MBS got very close to their best levels of the year today, as did mortgage rates. Treasuries, on the other hand, crashed through their previous floor by several bps following headlines that suggested Ukraine and Russia are on the verge of war. One caveat to those headlines is that NATO has yet to confirm that any of the underlying events actually transpired, not to mention more recent reports of Russia denying the presence of any military personnel in the humanitarian convoy.
This is par for the course when it comes to geopolitically-motivated bond market rallies, and it’s made worse by the fact that MBS have some other considerations weighing them down specifically.

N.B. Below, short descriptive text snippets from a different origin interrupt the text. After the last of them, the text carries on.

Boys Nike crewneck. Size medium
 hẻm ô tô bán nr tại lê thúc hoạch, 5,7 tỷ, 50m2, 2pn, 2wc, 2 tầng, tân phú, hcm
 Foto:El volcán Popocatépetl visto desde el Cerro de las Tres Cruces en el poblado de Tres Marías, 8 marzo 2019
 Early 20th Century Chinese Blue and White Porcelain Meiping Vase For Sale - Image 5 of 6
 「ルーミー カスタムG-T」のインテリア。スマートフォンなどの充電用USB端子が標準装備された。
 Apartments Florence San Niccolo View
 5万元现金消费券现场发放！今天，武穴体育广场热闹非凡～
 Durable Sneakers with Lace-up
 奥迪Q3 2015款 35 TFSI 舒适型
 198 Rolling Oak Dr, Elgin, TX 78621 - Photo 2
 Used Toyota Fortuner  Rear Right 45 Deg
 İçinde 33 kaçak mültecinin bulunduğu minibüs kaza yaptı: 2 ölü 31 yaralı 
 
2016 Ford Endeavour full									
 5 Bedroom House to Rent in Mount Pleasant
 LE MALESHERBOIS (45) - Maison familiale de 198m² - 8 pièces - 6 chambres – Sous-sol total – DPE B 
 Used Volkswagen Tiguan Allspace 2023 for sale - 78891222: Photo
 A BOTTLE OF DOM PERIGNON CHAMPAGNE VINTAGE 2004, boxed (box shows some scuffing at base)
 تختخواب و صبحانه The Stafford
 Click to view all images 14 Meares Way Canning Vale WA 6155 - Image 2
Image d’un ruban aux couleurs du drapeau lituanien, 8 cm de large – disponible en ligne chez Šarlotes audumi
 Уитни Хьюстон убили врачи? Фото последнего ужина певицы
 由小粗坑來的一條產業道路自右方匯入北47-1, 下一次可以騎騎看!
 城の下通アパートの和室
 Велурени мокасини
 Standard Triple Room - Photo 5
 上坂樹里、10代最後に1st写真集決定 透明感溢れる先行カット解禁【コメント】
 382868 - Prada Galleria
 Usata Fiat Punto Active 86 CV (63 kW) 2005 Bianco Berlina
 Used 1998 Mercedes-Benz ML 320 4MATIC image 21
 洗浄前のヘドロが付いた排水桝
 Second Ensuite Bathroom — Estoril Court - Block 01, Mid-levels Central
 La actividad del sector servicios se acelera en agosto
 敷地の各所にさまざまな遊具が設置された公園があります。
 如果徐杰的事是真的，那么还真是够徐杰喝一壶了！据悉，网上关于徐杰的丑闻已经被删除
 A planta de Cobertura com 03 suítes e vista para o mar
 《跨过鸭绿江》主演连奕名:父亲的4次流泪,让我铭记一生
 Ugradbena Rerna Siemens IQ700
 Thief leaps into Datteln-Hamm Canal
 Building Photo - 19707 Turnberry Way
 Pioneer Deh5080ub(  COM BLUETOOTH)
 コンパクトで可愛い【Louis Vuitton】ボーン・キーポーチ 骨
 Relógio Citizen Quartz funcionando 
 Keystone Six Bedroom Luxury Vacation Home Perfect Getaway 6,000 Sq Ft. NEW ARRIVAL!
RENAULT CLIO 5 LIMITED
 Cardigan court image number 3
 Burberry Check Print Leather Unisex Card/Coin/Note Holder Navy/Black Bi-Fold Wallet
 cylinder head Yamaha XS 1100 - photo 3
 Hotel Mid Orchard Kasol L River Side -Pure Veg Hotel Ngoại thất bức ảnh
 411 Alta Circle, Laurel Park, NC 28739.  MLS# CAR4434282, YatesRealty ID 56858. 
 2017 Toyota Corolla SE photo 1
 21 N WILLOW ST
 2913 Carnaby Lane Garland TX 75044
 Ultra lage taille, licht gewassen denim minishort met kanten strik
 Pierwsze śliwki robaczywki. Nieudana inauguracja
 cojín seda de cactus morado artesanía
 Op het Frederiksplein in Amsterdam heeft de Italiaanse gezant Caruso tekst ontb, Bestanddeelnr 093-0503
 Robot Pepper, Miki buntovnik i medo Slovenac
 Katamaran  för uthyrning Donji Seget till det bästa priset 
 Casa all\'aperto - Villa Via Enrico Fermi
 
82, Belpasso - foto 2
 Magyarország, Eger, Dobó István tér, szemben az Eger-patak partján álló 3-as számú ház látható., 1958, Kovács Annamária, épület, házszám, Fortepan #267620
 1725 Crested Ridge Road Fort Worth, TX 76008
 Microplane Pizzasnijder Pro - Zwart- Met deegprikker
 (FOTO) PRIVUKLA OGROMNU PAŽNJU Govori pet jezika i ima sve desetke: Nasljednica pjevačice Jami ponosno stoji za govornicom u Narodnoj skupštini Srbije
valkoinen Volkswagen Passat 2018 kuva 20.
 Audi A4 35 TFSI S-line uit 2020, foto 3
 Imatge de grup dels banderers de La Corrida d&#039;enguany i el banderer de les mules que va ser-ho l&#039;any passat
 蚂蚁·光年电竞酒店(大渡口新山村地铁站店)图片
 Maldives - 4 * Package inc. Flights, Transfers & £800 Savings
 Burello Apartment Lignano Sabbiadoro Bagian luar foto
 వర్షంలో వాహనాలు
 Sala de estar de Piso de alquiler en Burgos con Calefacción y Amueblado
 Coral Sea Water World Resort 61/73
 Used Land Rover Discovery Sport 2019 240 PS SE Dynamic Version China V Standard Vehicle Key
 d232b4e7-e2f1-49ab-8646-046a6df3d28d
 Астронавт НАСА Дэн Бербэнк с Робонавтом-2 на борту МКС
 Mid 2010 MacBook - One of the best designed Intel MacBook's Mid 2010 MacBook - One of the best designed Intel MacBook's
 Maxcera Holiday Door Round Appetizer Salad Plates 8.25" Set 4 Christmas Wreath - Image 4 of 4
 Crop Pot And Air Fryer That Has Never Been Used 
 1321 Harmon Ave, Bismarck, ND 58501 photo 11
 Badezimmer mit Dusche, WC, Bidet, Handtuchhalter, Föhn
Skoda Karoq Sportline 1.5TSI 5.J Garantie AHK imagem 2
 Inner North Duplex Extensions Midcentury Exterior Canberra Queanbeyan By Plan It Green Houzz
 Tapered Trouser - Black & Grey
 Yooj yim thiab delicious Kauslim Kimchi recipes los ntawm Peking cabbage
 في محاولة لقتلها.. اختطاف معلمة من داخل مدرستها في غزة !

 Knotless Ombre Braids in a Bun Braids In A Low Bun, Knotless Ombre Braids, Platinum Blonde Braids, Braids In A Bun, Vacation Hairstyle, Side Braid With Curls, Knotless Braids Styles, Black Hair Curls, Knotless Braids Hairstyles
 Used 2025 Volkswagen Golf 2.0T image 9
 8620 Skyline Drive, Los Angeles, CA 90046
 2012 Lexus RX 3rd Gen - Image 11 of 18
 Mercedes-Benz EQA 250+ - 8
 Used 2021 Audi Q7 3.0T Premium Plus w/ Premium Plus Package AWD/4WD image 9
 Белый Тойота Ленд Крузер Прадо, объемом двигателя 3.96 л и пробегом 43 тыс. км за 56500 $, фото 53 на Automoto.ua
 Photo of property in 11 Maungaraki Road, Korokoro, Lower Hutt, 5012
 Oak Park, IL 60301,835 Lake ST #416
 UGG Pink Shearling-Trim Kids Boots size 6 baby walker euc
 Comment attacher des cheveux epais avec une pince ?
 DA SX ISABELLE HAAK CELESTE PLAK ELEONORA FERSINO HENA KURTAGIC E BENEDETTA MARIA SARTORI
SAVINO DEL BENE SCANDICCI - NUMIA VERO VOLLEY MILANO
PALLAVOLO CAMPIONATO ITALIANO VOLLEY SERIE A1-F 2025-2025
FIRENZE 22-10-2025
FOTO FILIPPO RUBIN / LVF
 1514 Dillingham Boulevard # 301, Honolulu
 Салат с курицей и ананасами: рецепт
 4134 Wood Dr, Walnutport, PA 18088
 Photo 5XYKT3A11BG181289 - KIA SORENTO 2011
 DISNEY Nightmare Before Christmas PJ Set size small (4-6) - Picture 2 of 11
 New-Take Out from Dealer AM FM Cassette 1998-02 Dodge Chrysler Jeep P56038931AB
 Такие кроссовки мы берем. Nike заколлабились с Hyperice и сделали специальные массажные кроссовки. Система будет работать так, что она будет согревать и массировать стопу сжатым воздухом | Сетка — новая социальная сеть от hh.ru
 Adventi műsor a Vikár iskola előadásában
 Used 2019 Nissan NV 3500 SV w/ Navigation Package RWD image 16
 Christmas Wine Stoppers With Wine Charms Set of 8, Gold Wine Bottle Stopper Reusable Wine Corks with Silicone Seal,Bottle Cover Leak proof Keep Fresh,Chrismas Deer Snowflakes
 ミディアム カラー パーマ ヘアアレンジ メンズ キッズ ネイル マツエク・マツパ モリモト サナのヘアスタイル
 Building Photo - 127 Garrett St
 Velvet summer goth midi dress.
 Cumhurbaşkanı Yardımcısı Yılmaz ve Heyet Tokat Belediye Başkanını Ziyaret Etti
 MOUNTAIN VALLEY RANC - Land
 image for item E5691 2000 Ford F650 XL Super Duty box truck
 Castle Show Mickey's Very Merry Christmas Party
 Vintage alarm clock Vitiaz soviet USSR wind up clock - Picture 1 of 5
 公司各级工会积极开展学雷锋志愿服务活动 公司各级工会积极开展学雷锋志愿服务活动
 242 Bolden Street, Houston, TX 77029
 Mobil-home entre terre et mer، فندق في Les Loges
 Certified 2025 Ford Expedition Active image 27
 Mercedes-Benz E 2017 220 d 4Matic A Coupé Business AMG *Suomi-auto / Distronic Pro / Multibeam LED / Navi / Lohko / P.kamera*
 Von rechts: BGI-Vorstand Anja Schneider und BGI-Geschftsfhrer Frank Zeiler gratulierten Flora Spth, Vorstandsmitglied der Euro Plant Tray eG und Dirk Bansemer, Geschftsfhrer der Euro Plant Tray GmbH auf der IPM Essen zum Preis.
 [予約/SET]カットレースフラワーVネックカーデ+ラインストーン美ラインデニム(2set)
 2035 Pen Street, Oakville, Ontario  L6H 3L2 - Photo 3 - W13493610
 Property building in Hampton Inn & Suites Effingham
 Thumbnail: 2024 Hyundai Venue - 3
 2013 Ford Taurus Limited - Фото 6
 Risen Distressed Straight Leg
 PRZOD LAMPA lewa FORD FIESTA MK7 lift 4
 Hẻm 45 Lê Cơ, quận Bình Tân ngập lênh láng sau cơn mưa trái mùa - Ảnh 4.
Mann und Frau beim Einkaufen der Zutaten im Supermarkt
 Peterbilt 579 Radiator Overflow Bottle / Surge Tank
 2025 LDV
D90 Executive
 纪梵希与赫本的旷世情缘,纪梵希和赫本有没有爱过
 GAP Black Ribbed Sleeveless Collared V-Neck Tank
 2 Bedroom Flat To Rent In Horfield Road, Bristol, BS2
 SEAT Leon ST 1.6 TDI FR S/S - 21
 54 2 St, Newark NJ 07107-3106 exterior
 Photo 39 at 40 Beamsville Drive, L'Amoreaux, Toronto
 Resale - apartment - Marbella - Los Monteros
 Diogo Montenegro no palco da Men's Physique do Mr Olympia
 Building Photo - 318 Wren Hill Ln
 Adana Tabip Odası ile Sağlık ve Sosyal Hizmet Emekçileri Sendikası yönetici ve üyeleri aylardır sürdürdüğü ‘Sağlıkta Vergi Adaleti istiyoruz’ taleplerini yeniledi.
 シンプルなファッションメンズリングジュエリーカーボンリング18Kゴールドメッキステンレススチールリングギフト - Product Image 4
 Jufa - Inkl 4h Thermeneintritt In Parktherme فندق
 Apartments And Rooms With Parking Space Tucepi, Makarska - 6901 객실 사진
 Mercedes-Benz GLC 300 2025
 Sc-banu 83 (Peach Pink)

laundry list thoughts include:
- decreasing summertime liquidity is more of a factor for MBS vs Treasuries
- Uncertainty surrounding some sort of legislative intervention in securitization markets–however uncertain that may be
- Recent FHFA proposal to merge Fannie/Freddie securities.
- Limited “room to run” as the next coupon down from current most-liquid
coupon does not yet look like a safe place to congregate. (i.e. no one
wants to be left holding that bag of Fannie 3.0s when 3.5s are already liquid and may well be as low as liquid coupons go. Wheatver the case, it’s just too soon to buy in to 3.0s as a coupon with staying power).
Beyond those MBS-specific concerns, lenders tend to be more conservative heading into weekends. All that having been said, rates still managed to come very close to their best levels of 2014, so we can’t complain too much. Our clients should understand, however, that mortgage rates simply aren’t falling as quickly as Treasuries in this environment.